¿Cómo se prepara la Congregación de los Misioneros Oblatos de María Inmaculada para el próximo Capítulo general?

Cada seis años, nuestra Congregación dedica un tiempo especial al discernimiento, es el Capítulo general. Se recurre a la sabiduría y no solamente a la planificación. Nos esforzamos por entender las necesidades misioneras de hoy, y a continuación nos preguntamos, como Oblatos, qué respuesta podemos darles. La gran familia Oblata también está involucrada totalmente; habrá por ejemplo, representantes de los Laicos Asociados, durante algunos días.

La preparación de tal esfuerzo requiere sobre todo de oración. Tenemos necesidad de la conducción del Espíritu Santo, con el fin de considerar la situación con amor y justicia; tenemos necesidad del fuego del Espíritu, en el amor mutuo, con el fin que nos unamos todos, en una tarea común. La oración por nuestro Capítulo, que rezamos a menudo, a veces cada día, expresa esta necesidad de asistencia divina.

Hay también una sana reflexión y un debate. Este proceso comenzó el año pasado, con encuentros de comunidad y la redacción de informes sobre nuestro trabajo, en cada país y en cada continente. En los meses siguientes les tocó encontrarse a los capitulares, ya sea los elegidos como a los ‘ex officio'. Un Capítulo y su preparación son ejercicios muy democráticos. Cada Oblato puede presentar propuestas que se deben discutir. Un Comité de evaluación de nuestras estructuras de Gobierno estudia los cambios posibles, en nuestras Constituciones y Reglas, cambios que deben someterse más tarde a votación, en el Capítulo. Por mi parte, debo escribir un informe sobre el estado de la Congregación; este se redacta, en la medida de lo posible, en un trabajo de equipo.

Como hay muchas actividades en marcha, nombramos a una comisión especial para sincronizar todos los detalles del Capítulo. Por primera vez habrá facilitadores que ayudarán en los debates a progresar sin contratiempos. En el plano mundial, intentamos estar en contacto, a través de nuestra página web, que recientemente ha sido completada por un “blog”.

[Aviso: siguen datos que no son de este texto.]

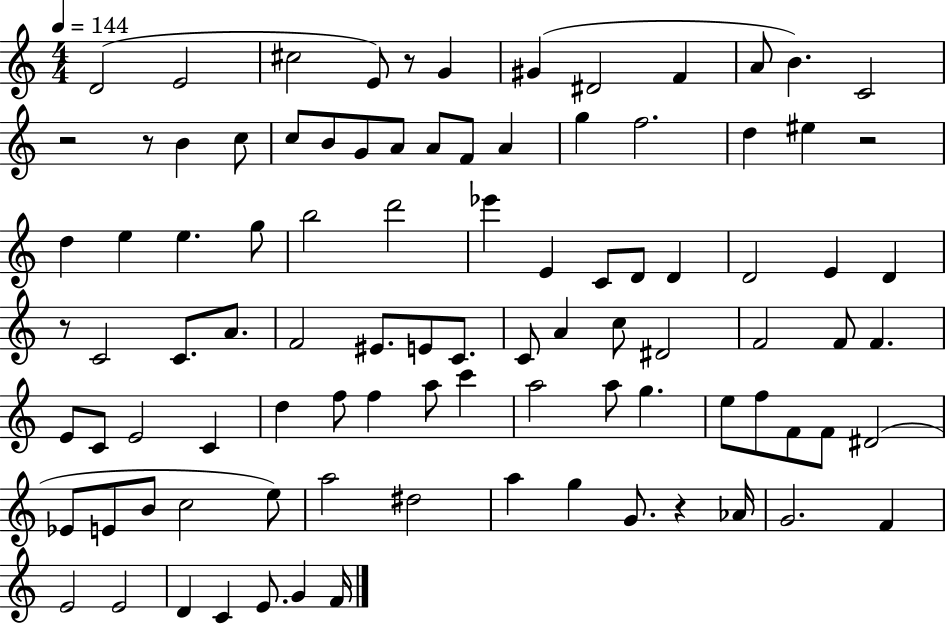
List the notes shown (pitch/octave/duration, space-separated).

D4/h E4/h C#5/h E4/e R/e G4/q G#4/q D#4/h F4/q A4/e B4/q. C4/h R/h R/e B4/q C5/e C5/e B4/e G4/e A4/e A4/e F4/e A4/q G5/q F5/h. D5/q EIS5/q R/h D5/q E5/q E5/q. G5/e B5/h D6/h Eb6/q E4/q C4/e D4/e D4/q D4/h E4/q D4/q R/e C4/h C4/e. A4/e. F4/h EIS4/e. E4/e C4/e. C4/e A4/q C5/e D#4/h F4/h F4/e F4/q. E4/e C4/e E4/h C4/q D5/q F5/e F5/q A5/e C6/q A5/h A5/e G5/q. E5/e F5/e F4/e F4/e D#4/h Eb4/e E4/e B4/e C5/h E5/e A5/h D#5/h A5/q G5/q G4/e. R/q Ab4/s G4/h. F4/q E4/h E4/h D4/q C4/q E4/e. G4/q F4/s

El tema del 35º Capítulo será: “La Conversión: un nuevo corazón, un nuevo espíritu, una nueva misión.” ¿Puede explicarnos las razones de este tema? ¿De dónde viene este lema?

El lema se refiere, sobre todo, a la conversión: conversión en la renovación de los corazones, conversión en nuestro espíritu, conversión en la manera de ser misioneros. El logotipo expresa bastante bien esta idea: una dinámica circular de conversión rodea el símbolo OMI y el mundo entero.

¿Cómo apareció este tema? Apareció muy repentinamente, durante el encuentro de todos los Superiores provinciales de la Congregación en 2007, en Sudáfrica. A este tipo de encuentro lo llamamos “Intercapitular”. Cuando examinamos el estado de la Congregación, encontramos muchos puntos positivos. En estos últimos años, estuvimos de acuerdo sobre la necesidad de desarrollar la internacionalidad, de mejorar la vida de comunidad, de dar una formación más sólida a nuestros candidatos. Muchas de estas cosas ya se hacen, pero también percibimos claramente que hay elementos de resistencia. “¿De qué tenemos necesidad aún? ¿Qué se nos pide? No tenemos necesidad de más o de mejores documentos básicos o declaraciones sobre la misión, ni mejores directivas y reglas; sentimos que una cosa nos faltaba y era el cambio del corazón, con el fin de realizarlo verdaderamente quienes estábamos de acuerdo. O más bien, la cuestión no consistía en hacer mejor o más cosas, sino en ser diferentes en nuestras actitudes, en nuestra manera de vivir. La palabra bíblica que designa tal cambio es conversión. “Conversión”, he aquí la cosa que faltaba, este fue nuestro descubrimiento.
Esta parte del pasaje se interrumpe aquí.